Could you print out every entry, character for character?

[Records drawn from a dataset]
_ _ _ _ _ _ _

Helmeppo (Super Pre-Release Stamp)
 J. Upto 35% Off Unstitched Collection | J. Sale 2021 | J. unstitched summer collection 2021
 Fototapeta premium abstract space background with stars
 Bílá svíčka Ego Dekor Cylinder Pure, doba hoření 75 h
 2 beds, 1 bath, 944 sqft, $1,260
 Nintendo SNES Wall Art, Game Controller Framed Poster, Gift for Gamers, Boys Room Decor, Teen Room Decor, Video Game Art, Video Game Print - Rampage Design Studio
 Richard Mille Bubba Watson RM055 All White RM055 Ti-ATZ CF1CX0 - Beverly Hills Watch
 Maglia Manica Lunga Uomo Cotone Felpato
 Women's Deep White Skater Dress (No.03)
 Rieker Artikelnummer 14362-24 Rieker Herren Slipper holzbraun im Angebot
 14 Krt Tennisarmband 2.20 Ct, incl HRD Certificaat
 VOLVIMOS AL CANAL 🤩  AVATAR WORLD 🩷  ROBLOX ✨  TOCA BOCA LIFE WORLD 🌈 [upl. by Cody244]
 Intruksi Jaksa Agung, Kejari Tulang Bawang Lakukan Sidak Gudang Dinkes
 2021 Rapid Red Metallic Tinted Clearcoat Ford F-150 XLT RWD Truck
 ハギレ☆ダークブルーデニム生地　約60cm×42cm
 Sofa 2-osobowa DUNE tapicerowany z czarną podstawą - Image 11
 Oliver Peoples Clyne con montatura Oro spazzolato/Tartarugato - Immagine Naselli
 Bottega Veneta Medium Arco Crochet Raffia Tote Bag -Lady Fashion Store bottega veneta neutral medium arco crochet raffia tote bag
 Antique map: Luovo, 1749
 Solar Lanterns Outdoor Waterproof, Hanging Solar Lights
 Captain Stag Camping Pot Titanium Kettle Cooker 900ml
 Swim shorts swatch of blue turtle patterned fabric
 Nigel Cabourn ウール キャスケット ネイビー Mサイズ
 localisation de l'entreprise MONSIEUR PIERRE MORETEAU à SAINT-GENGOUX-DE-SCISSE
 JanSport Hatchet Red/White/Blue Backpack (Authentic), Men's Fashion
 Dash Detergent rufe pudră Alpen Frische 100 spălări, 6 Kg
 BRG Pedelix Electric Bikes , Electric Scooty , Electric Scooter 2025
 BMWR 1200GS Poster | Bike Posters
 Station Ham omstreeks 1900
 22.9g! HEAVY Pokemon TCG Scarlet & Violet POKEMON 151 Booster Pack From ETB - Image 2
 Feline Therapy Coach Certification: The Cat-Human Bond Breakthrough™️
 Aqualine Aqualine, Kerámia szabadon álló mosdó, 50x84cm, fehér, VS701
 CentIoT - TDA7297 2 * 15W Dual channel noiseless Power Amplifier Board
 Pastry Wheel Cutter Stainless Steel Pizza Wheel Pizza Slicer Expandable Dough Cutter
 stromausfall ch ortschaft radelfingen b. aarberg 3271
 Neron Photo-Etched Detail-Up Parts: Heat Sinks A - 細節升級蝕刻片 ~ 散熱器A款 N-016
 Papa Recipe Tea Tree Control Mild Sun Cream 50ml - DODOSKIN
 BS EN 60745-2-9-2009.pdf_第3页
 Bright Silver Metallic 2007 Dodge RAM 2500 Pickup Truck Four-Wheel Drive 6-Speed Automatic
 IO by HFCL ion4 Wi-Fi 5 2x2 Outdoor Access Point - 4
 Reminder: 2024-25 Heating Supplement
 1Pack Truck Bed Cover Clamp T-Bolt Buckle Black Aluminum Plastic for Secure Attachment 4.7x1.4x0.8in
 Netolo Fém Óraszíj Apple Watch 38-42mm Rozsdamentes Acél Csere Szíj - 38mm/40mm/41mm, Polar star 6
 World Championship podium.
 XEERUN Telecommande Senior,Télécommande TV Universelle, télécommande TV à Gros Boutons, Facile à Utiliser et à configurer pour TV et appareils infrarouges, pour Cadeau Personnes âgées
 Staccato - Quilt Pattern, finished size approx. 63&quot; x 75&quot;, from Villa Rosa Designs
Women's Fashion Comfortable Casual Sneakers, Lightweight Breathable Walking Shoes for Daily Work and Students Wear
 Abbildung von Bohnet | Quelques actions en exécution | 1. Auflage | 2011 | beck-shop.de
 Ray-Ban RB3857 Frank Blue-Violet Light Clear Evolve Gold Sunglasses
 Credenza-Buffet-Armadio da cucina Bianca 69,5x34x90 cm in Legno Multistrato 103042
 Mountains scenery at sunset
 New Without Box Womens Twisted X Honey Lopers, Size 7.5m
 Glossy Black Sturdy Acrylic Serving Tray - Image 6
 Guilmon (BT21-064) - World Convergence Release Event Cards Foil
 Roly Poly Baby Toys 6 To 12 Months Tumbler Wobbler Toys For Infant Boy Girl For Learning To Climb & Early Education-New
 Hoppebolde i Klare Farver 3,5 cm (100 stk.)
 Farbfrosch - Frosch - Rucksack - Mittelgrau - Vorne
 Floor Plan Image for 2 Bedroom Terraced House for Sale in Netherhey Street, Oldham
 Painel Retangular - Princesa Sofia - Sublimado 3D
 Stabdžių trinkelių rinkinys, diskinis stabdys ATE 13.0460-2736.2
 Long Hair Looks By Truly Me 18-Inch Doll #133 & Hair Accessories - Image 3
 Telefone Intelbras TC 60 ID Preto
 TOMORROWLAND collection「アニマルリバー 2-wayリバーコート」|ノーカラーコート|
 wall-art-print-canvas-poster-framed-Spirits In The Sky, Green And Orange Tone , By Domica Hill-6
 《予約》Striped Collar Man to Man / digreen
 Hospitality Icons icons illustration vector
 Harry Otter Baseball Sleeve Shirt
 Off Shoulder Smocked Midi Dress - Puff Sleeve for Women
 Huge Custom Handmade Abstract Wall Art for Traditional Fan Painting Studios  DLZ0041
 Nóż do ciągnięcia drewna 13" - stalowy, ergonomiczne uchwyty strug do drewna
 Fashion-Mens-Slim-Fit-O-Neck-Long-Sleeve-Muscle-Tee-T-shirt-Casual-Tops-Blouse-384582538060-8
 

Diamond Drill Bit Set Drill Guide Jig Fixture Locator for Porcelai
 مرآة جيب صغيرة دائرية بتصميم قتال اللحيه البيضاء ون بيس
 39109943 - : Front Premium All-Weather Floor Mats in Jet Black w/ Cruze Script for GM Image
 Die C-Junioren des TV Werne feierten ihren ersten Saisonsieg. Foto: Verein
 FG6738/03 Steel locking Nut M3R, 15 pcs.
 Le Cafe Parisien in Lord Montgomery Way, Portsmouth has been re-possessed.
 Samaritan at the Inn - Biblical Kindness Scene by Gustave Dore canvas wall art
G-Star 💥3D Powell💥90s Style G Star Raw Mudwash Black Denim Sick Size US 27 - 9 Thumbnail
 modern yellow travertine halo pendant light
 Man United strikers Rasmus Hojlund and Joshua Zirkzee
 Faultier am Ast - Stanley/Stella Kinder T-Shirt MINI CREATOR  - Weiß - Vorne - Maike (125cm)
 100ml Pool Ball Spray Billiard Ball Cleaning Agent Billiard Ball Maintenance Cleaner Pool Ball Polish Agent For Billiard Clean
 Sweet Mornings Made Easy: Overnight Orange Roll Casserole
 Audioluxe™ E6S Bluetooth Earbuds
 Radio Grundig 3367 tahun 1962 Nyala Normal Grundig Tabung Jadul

_ _ _ _ _ _ _

### RESPONSE AREA
Helmeppo (Super Pre-Release Stamp)
 J. Upto 35% Off Unstitched Collection | J. Sale 2021 | J. unstitched summer collection 2021
 Fototapeta premium abstract space background with stars
 Bílá svíčka Ego Dekor Cylinder Pure, doba hoření 75 h
 2 beds, 1 bath, 944 sqft, $1,260
 Nintendo SNES Wall Art, Game Controller Framed Poster, Gift for Gamers, Boys Room Decor, Teen Room Decor, Video Game Art, Video Game Print - Rampage Design Studio
 Richard Mille Bubba Watson RM055 All White RM055 Ti-ATZ CF1CX0 - Beverly Hills Watch
 Maglia Manica Lunga Uomo Cotone Felpato
 Women's Deep White Skater Dress (No.03)
 Rieker Artikelnummer 14362-24 Rieker Herren Slipper holzbraun im Angebot
 14 Krt Tennisarmband 2.20 Ct, incl HRD Certificaat
 VOLVIMOS AL CANAL 🤩  AVATAR WORLD 🩷  ROBLOX ✨  TOCA BOCA LIFE WORLD 🌈 [upl. by Cody244]
 Intruksi Jaksa Agung, Kejari Tulang Bawang Lakukan Sidak Gudang Dinkes
 2021 Rapid Red Metallic Tinted Clearcoat Ford F-150 XLT RWD Truck
 ハギレ☆ダークブルーデニム生地　約60cm×42cm
 Sofa 2-osobowa DUNE tapicerowany z czarną podstawą - Image 11
 Oliver Peoples Clyne con montatura Oro spazzolato/Tartarugato - Immagine Naselli
 Bottega Veneta Medium Arco Crochet Raffia Tote Bag -Lady Fashion Store bottega veneta neutral medium arco crochet raffia tote bag
 Antique map: Luovo, 1749
 Solar Lanterns Outdoor Waterproof, Hanging Solar Lights
 Captain Stag Camping Pot Titanium Kettle Cooker 900ml
 Swim shorts swatch of blue turtle patterned fabric
 Nigel Cabourn ウール キャスケット ネイビー Mサイズ
 localisation de l'entreprise MONSIEUR PIERRE MORETEAU à SAINT-GENGOUX-DE-SCISSE
 JanSport Hatchet Red/White/Blue Backpack (Authentic), Men's Fashion
 Dash Detergent rufe pudră Alpen Frische 100 spălări, 6 Kg
 BRG Pedelix Electric Bikes , Electric Scooty , Electric Scooter 2025
 BMWR 1200GS Poster | Bike Posters
 Station Ham omstreeks 1900
 22.9g! HEAVY Pokemon TCG Scarlet & Violet POKEMON 151 Booster Pack From ETB - Image 2
 Feline Therapy Coach Certification: The Cat-Human Bond Breakthrough™️
 Aqualine Aqualine, Kerámia szabadon álló mosdó, 50x84cm, fehér, VS701
 CentIoT - TDA7297 2 * 15W Dual channel noiseless Power Amplifier Board
 Pastry Wheel Cutter Stainless Steel Pizza Wheel Pizza Slicer Expandable Dough Cutter
 stromausfall ch ortschaft radelfingen b. aarberg 3271
 Neron Photo-Etched Detail-Up Parts: Heat Sinks A - 細節升級蝕刻片 ~ 散熱器A款 N-016
 Papa Recipe Tea Tree Control Mild Sun Cream 50ml - DODOSKIN
 BS EN 60745-2-9-2009.pdf_第3页
 Bright Silver Metallic 2007 Dodge RAM 2500 Pickup Truck Four-Wheel Drive 6-Speed Automatic
 IO by HFCL ion4 Wi-Fi 5 2x2 Outdoor Access Point - 4
 Reminder: 2024-25 Heating Supplement
 1Pack Truck Bed Cover Clamp T-Bolt Buckle Black Aluminum Plastic for Secure Attachment 4.7x1.4x0.8in
 Netolo Fém Óraszíj Apple Watch 38-42mm Rozsdamentes Acél Csere Szíj - 38mm/40mm/41mm, Polar star 6
 World Championship podium.
 XEERUN Telecommande Senior,Télécommande TV Universelle, télécommande TV à Gros Boutons, Facile à Utiliser et à configurer pour TV et appareils infrarouges, pour Cadeau Personnes âgées
 Staccato - Quilt Pattern, finished size approx. 63&quot; x 75&quot;, from Villa Rosa Designs
Women's Fashion Comfortable Casual Sneakers, Lightweight Breathable Walking Shoes for Daily Work and Students Wear
 Abbildung von Bohnet | Quelques actions en exécution | 1. Auflage | 2011 | beck-shop.de
 Ray-Ban RB3857 Frank Blue-Violet Light Clear Evolve Gold Sunglasses
 Credenza-Buffet-Armadio da cucina Bianca 69,5x34x90 cm in Legno Multistrato 103042
 Mountains scenery at sunset
 New Without Box Womens Twisted X Honey Lopers, Size 7.5m
 Glossy Black Sturdy Acrylic Serving Tray - Image 6
 Guilmon (BT21-064) - World Convergence Release Event Cards Foil
 Roly Poly Baby Toys 6 To 12 Months Tumbler Wobbler Toys For Infant Boy Girl For Learning To Climb & Early Education-New
 Hoppebolde i Klare Farver 3,5 cm (100 stk.)
 Farbfrosch - Frosch - Rucksack - Mittelgrau - Vorne
 Floor Plan Image for 2 Bedroom Terraced House for Sale in Netherhey Street, Oldham
 Painel Retangular - Princesa Sofia - Sublimado 3D
 Stabdžių trinkelių rinkinys, diskinis stabdys ATE 13.0460-2736.2
 Long Hair Looks By Truly Me 18-Inch Doll #133 & Hair Accessories - Image 3
 Telefone Intelbras TC 60 ID Preto
 TOMORROWLAND collection「アニマルリバー 2-wayリバーコート」|ノーカラーコート|
 wall-art-print-canvas-poster-framed-Spirits In The Sky, Green And Orange Tone , By Domica Hill-6
 《予約》Striped Collar Man to Man / digreen
 Hospitality Icons icons illustration vector
 Harry Otter Baseball Sleeve Shirt
 Off Shoulder Smocked Midi Dress - Puff Sleeve for Women
 Huge Custom Handmade Abstract Wall Art for Traditional Fan Painting Studios  DLZ0041
 Nóż do ciągnięcia drewna 13" - stalowy, ergonomiczne uchwyty strug do drewna
 Fashion-Mens-Slim-Fit-O-Neck-Long-Sleeve-Muscle-Tee-T-shirt-Casual-Tops-Blouse-384582538060-8
 

Diamond Drill Bit Set Drill Guide Jig Fixture Locator for Porcelai
 مرآة جيب صغيرة دائرية بتصميم قتال اللحيه البيضاء ون بيس
 39109943 - : Front Premium All-Weather Floor Mats in Jet Black w/ Cruze Script for GM Image
 Die C-Junioren des TV Werne feierten ihren ersten Saisonsieg. Foto: Verein
 FG6738/03 Steel locking Nut M3R, 15 pcs.
 Le Cafe Parisien in Lord Montgomery Way, Portsmouth has been re-possessed.
 Samaritan at the Inn - Biblical Kindness Scene by Gustave Dore canvas wall art
G-Star 💥3D Powell💥90s Style G Star Raw Mudwash Black Denim Sick Size US 27 - 9 Thumbnail
 modern yellow travertine halo pendant light
 Man United strikers Rasmus Hojlund and Joshua Zirkzee
 Faultier am Ast - Stanley/Stella Kinder T-Shirt MINI CREATOR  - Weiß - Vorne - Maike (125cm)
 100ml Pool Ball Spray Billiard Ball Cleaning Agent Billiard Ball Maintenance Cleaner Pool Ball Polish Agent For Billiard Clean
 Sweet Mornings Made Easy: Overnight Orange Roll Casserole
 Audioluxe™ E6S Bluetooth Earbuds
 Radio Grundig 3367 tahun 1962 Nyala Normal Grundig Tabung Jadul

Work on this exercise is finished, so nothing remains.